O ex-presidente Jair Bolsonaro (PL) pediu ao STF que Carlos Eduardo Antunes Torres, irmão de criação de Michelle Bolsonaro, seja autorizado a atuar como cuidador durante a prisão domiciliar. O pedido foi feito a ministro Alexandre de Moraes.
A defesa argumenta que Michelle, Laura Bolsonaro e Letícia Firmino têm compromissos que dificultam a presença contínua no atual cenário. Carlos Eduardo já atuou como acompanhante em outras ocasiões e é visto como pessoa de confiança pela família.
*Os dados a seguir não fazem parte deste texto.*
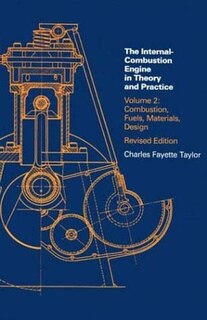 Front cover_Internal Combustion Engine In Theory And Practice, Second Edition, Revised, Volume 2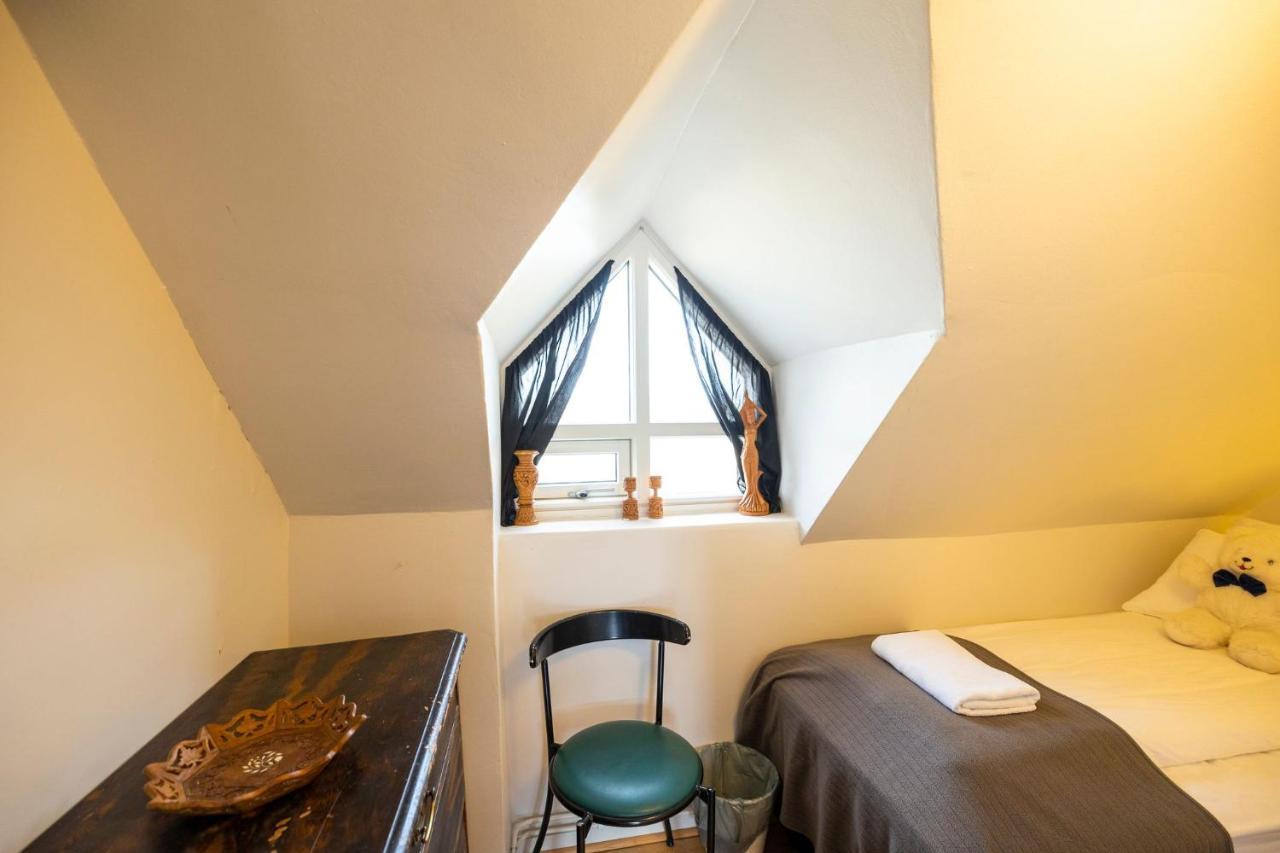 Heidi Guesthouse Селфосс Экстерьер фото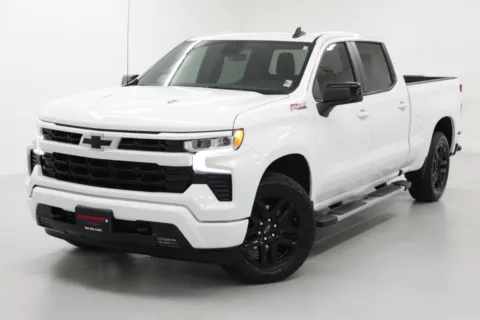 More photos of 2023 Chevrolet Silverado 1500 RST at Jim Falk Motors, MO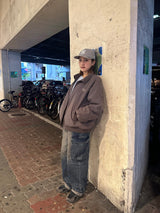 스윙 보아 재킷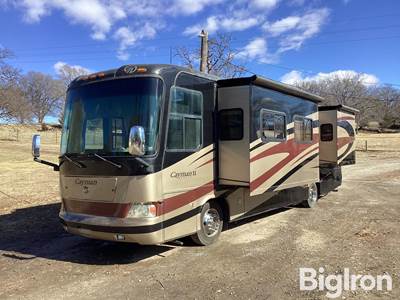 2007 Monaco Cayman XL RV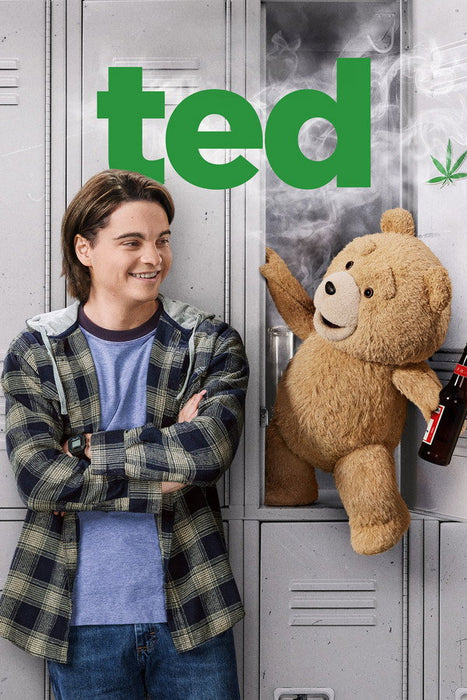 ted (Season 2) English Dvd Box Set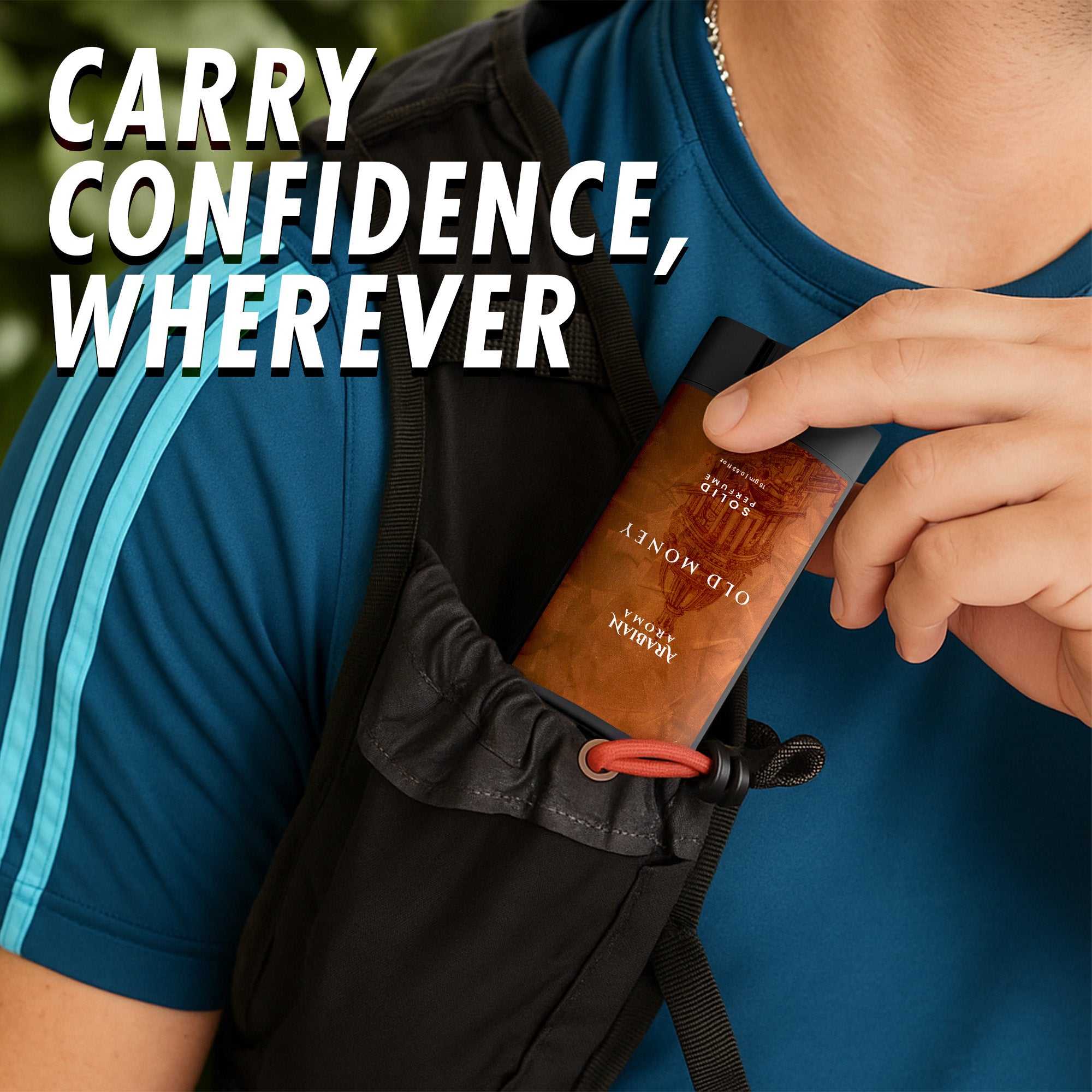 Old Money Solid Perfume Men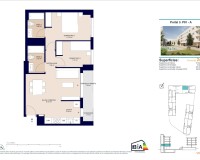 Nowo zbudowane - Apartament - Alicante - San Agustín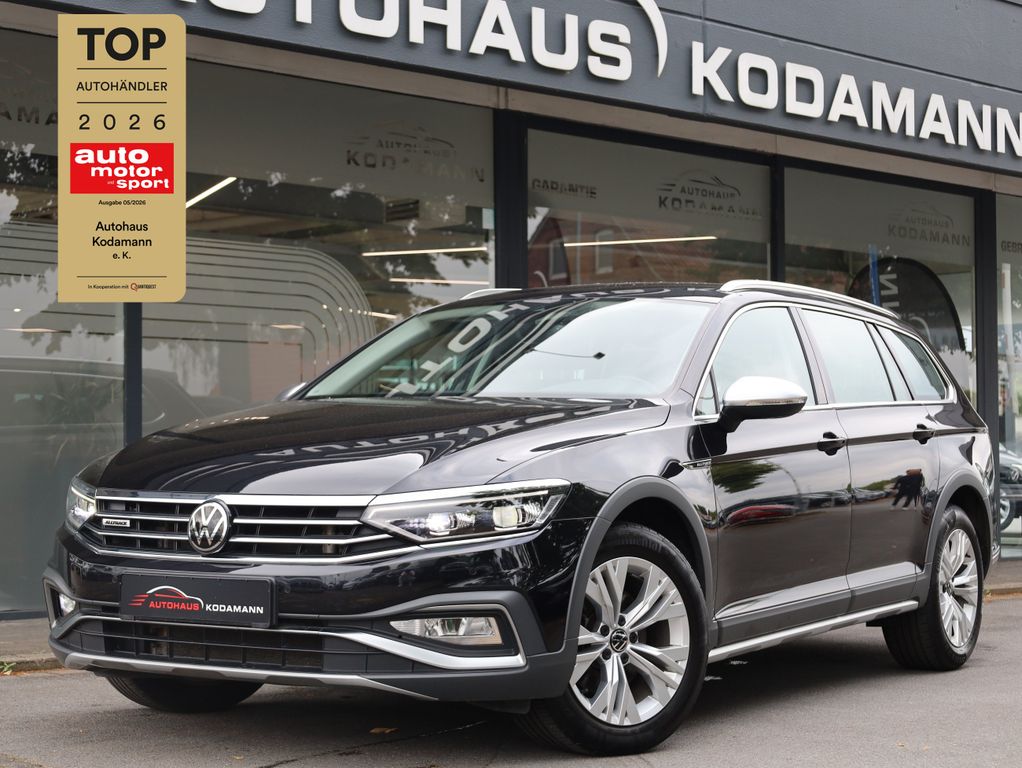 Image of Volkswagen Passat Variant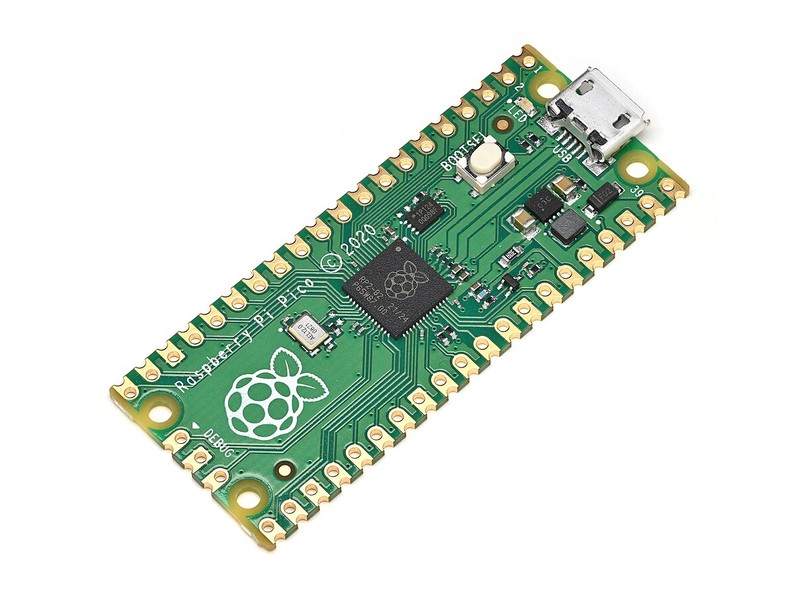 Raspberry Pi Pico W / Pico 2 W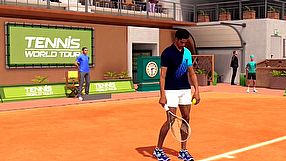 Tennis World Tour tryb kariery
Moraes autorizou a prisão domiciliar por 90 dias, no fim de março, após Bolsonaro ser internado com broncopneumonia bilateral. A decisão limita convívio à equipe médica e a familiares que morem na residência, no Jardim Botânico, em Brasília.
A libra diária impõe regras como a proibição de celular e de visitas fora dos horários autorizados. A defesa sustenta que o acompanhante adicional facilitaria a logística da família sem comprometer a segurança sanitária.
Quem está envolvido
- Jair Bolsonaro, ex-presidente, cumprindo prisão domiciliar em Brasília.
- Michelle Bolsonaro, esposa, morando no imóvel com a família.
- Carlos Eduardo Antunes Torres, indicado pela defesa como cuidador.
- Alexandre de Moraes, relator do caso no STF.
O caso segue para avaliação do ministro Moraes, que pode ou não incluir Carlos Eduardo na lista de frequência permitida à residência. O objetivo é assegurar o cuidado médico sem ampliar riscos à saúde pública.